**Exercise:** Write the records out exactly, so that no picture remains in the copy.

Extracted data entries:

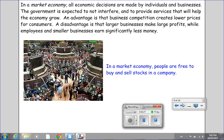In a market economy, all economic decisions are made by individuals and businesses. The government is expected to not interfere and to provide services that will help the economy grow. An advantage is that business competition creates lower prices for consumers. A disadvantage is that larger businesses make large profits, while employees and smaller businesses earn significantly less money. This is a picture of an American stock market, where people are free to buy and sell stocks — that is, ownership in a company.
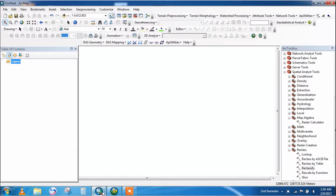Assalamu alaikum. In this GIS video, we will tell you about the TIN command — how to use it and what is its purpose. In this lecture, we will show how to use the TIN command for river cross-section data using an SRTM file.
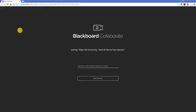This screencast will introduce you to the user interface for all participants within the Blackboard Collaborate Ultra platform. The preferred browsers for Collaborate Ultra are always the latest releases of Google Chrome and Mozilla Firefox.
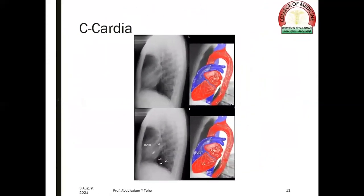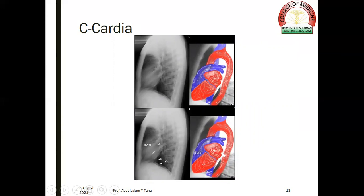There is a correlation between the anatomical and radiographic appearances on the lateral view. The right ventricle is located anteriorly, while the left atrium and left ventricle are located posteriorly. Therefore, an enlargement of the left atrium may compress the oesophagus.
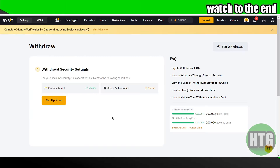After getting the address, paste it in the recipient address field on Bybit and enter the amount you want to transfer. They may want you to confirm your identification through verification — just complete that, and you're done. Hope you guys find this video helpful.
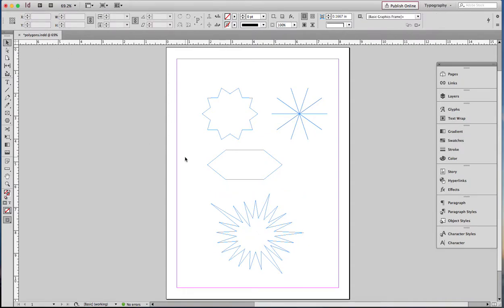So now you know how to make a polygon of any shape or size. Wasn't that fun?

**Task answer:**
In a market economy, all economic decisions are made by individuals and businesses. The government is expected to not interfere and to provide services that will help the economy grow. An advantage is that business competition creates lower prices for consumers. A disadvantage is that larger businesses make large profits, while employees and smaller businesses earn significantly less money. This is a picture of an American stock market, where people are free to buy and sell stocks — that is, ownership in a company.
Assalamu alaikum. In this GIS video, we will tell you about the TIN command — how to use it and what is its purpose. In this lecture, we will show how to use the TIN command for river cross-section data using an SRTM file.
This screencast will introduce you to the user interface for all participants within the Blackboard Collaborate Ultra platform. The preferred browsers for Collaborate Ultra are always the latest releases of Google Chrome and Mozilla Firefox.
There is a correlation between the anatomical and radiographic appearances on the lateral view. The right ventricle is located anteriorly, while the left atrium and left ventricle are located posteriorly. Therefore, an enlargement of the left atrium may compress the oesophagus.
After getting the address, paste it in the recipient address field on Bybit and enter the amount you want to transfer. They may want you to confirm your identification through verification — just complete that, and you're done. Hope you guys find this video helpful.
So now you know how to make a polygon of any shape or size. Wasn't that fun?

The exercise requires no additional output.